A Defense Department working paper, written less than two weeks after the storm made landfall in Miami-Dade County, outlines the importance of overcoming relief coordination problems, of adequately equipping and preparing military units for disaster relief missions, and of maintaining public confidence in the wake of disaster.
The Army faced a number of coordination obstacles in its response to Andrew, beginning with damage assessment. The hurricane’s scale, which was the most damaging in history to date, rendered local authorities “incapable of accurately assessing their own condition.” The military, Federal Emergency Management Agency (FEMA) and local governments each conducted their own damage assessments without coordination or information-sharing, “which resulted in duplication of effort” and delay of actual services.
The paper outlines a critical lesson: the military and federal agencies should not “waste time waiting for accurate assessments, but use their experience to push obviously-needed assistance toward devastated communities before citizens begin to die for lack of it.”
Coordination issues made it difficult to establish a “definable and attainable end-state for military support activities” once civilian agencies were able to resume responsibility for recovery operations.
Communication problems between federal and local authorities also hampered relief and law enforcement coordination.
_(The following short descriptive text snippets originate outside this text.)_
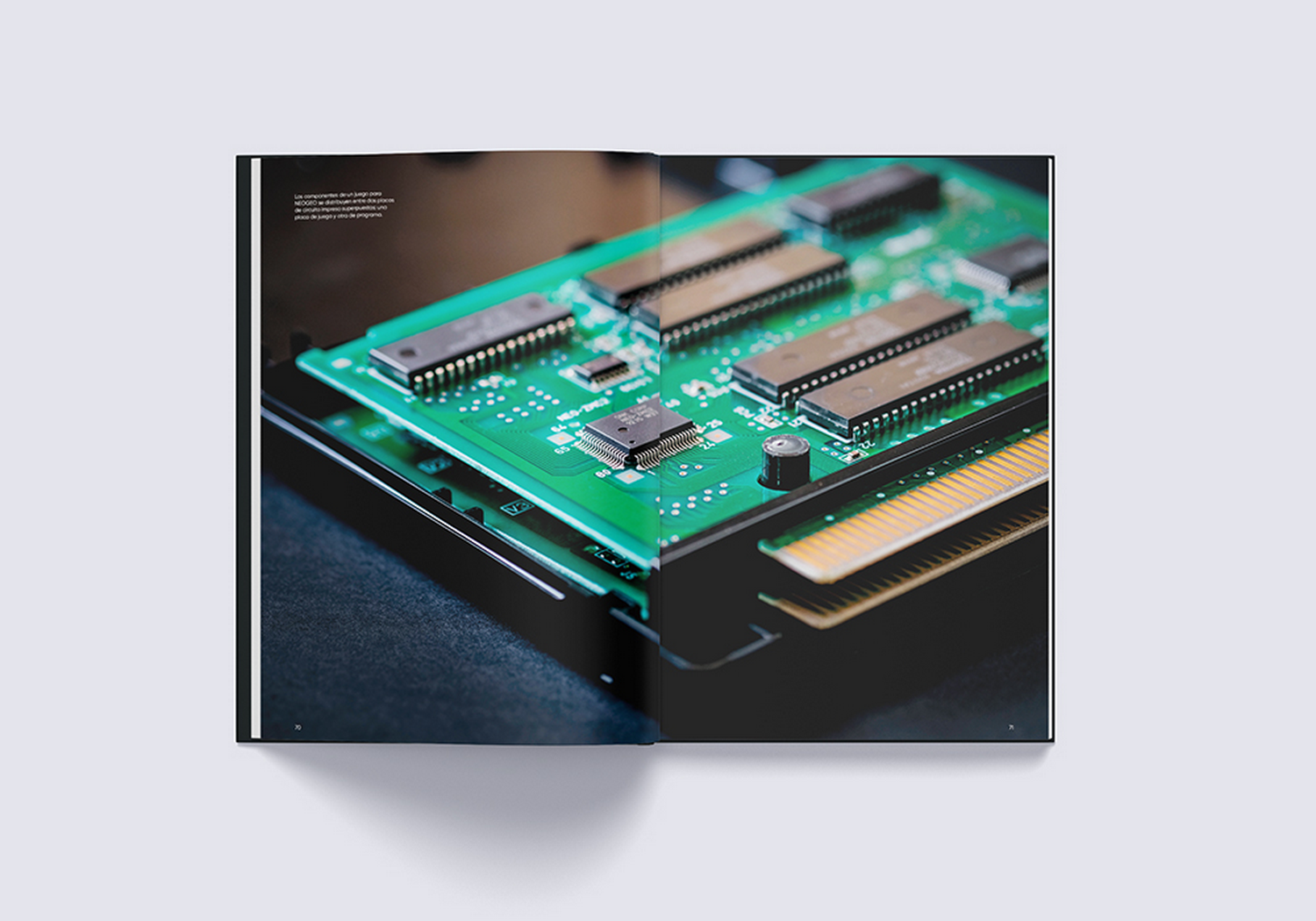 Un libro abierto muestra una foto de una placa de circuito verde con microchips y conectores.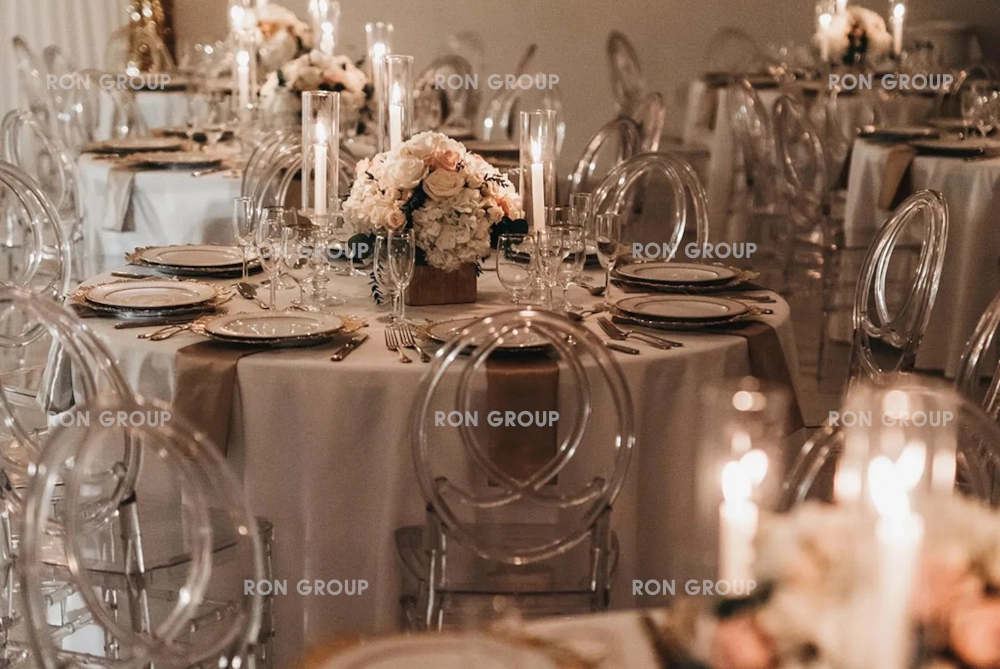 Modern glam table setting with clear acrylic chairs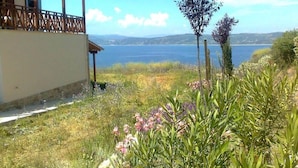 Ein Küstenanwesen mit einem Holzbalkon mit Meerblick, umgeben von üppiger Vegetation und blühenden Pflanzen.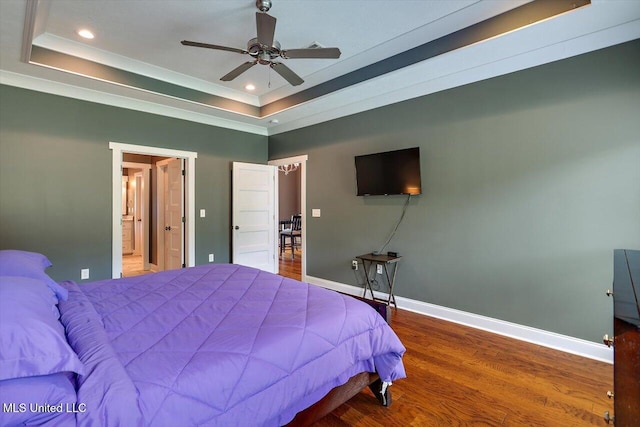 244 Hidden Hills Pkwy, Brandon, MS 39047 - bedroom featuring a tray ceiling, recessed lighting, wood finished floors, a ceiling fan, and crown molding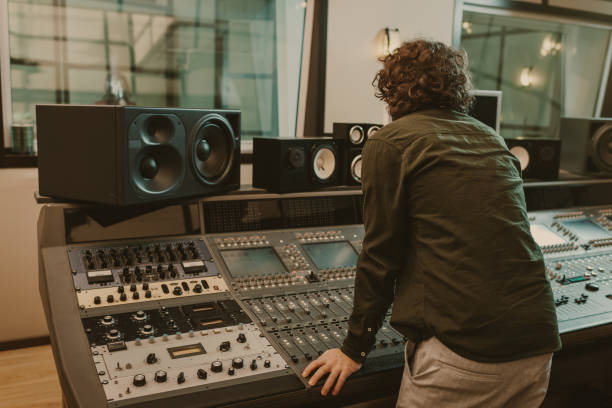 istock young sound producer working at recording studio 940461280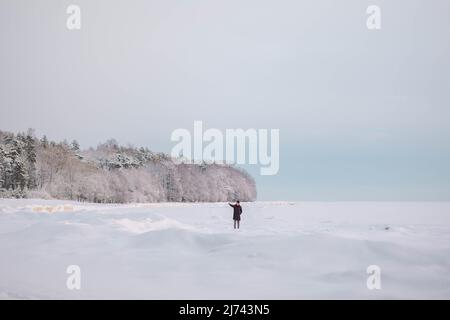 Magnifique paysage d'hiver dans un style minimaliste. Petites figures de personnes sur le champ de neige blanche et de forêt à l'horizon. Ambiance claire et aérée et palette de couleurs claires. Banque D'Images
Some National Guard units and local agencies were not equipped with radios compatible with those used by the Army. The working paper emphasizes that it is “imperative to assign MP [military police] liaison officers to local law enforcement agencies and Army National Guard” to facilitate communication among government levels.
The report examines preparation steps that might have been taken ahead of the hurricane to ease recovery efforts once it made landfall. Foremost is the need for pre-positioned contracts for disaster response services, since service providers contracted mid-disaster “charged whatever they thought DoD might be willing to pay.”
Supplies provided to troops were themselves inadequate in key ways. Instead of four-wheel drive vehicles, soldiers were deployed in humvees, which are “dangerous in urban settings.” There was no coordination of maps issued to military personnel: over 300 different maps “of all varieties” were reportedly being used by different military units deployed to Florida. And without a central catalog of disaster relief supply items, the military’s hurricane response faced considerable “wasted research, repackaging, onloading and offloading of trucks, etc. just when troops are trying to respond quickly to emergency needs.”
Finally, soldiers lacked sufficient preparation regarding their rules of engagement in a disaster response scenario on the scale required by Hurricane Andrew. Federal soldiers deployed domestically cannot engage in law enforcement activities except where specifically authorized, which can potentially muddle limits on detainment use of force. The specific rules of engagement should be provided in advance to anticipate and clarify any gray areas, “in fairness to the soldier.”
In addition to outlining coordination and preparation obstacles, the working paper focuses extensively on the impact disaster relief can have on the military’s public’s image. Commanders must be sensitive to criticism from affected communities: “It is almost a given that some citizens will say that the military response was too slow, because they have an idea of military capability, they need help immediately, and they may not know or care about the need for the military to be in a supporting role to civilian officials.”
Military commanders must carefully consider whether armed soldiers generate confidence or fear on balance, and should engage with the public through their local agency partners: “It’s important that soldiers be encouraged to talk to local citizens–this is America! But remember that American civilians don’t use military acronyms, so speak in plain English. [....] do not say ‘Psyop’ on the streets of America.” The working paper suggests that military personnel seek out mail carriers once service resumes as a “good way to know the pulse of the local community.”
The military’s considerable humanitarian assistance to repair damage, clear debris, provide food, shelter and water, and restore communications infrastructure generated “great community enthusiasm for the military,” which troops should seek to maintain in future disaster operations. Soldiers should “use their initiative in helping citizens as they see needs in the field,” and do so without discrimination: the paper explicitly directs military responders to “stay out of inquiry into the legal status of people seeking help,” since “humanitarian aid is sufficient justification to help people, even if they aren’t citizens.”
This emphasis on cultivating a positive impression and public confidence in the military is echoed in other Defense Department documents related to hurricane response. Last year, the Defense Department released its protocols governing federal troops deployed domestically, including for post-disaster relief missions. According to that protocol, one of the core objectives that guide military hurricane relief effort is to “maintain the public confidence in the US Government and the DoD.”
Hurricane Andrew’s unprecedented damage posed a number of novel challenges for the military personnel deployed to assist local authorities. The lessons drawn from the relief effort shaped future responses to weather emergencies, including Hurricane Katrina in 2005 and Hurricane Sandy in 2012.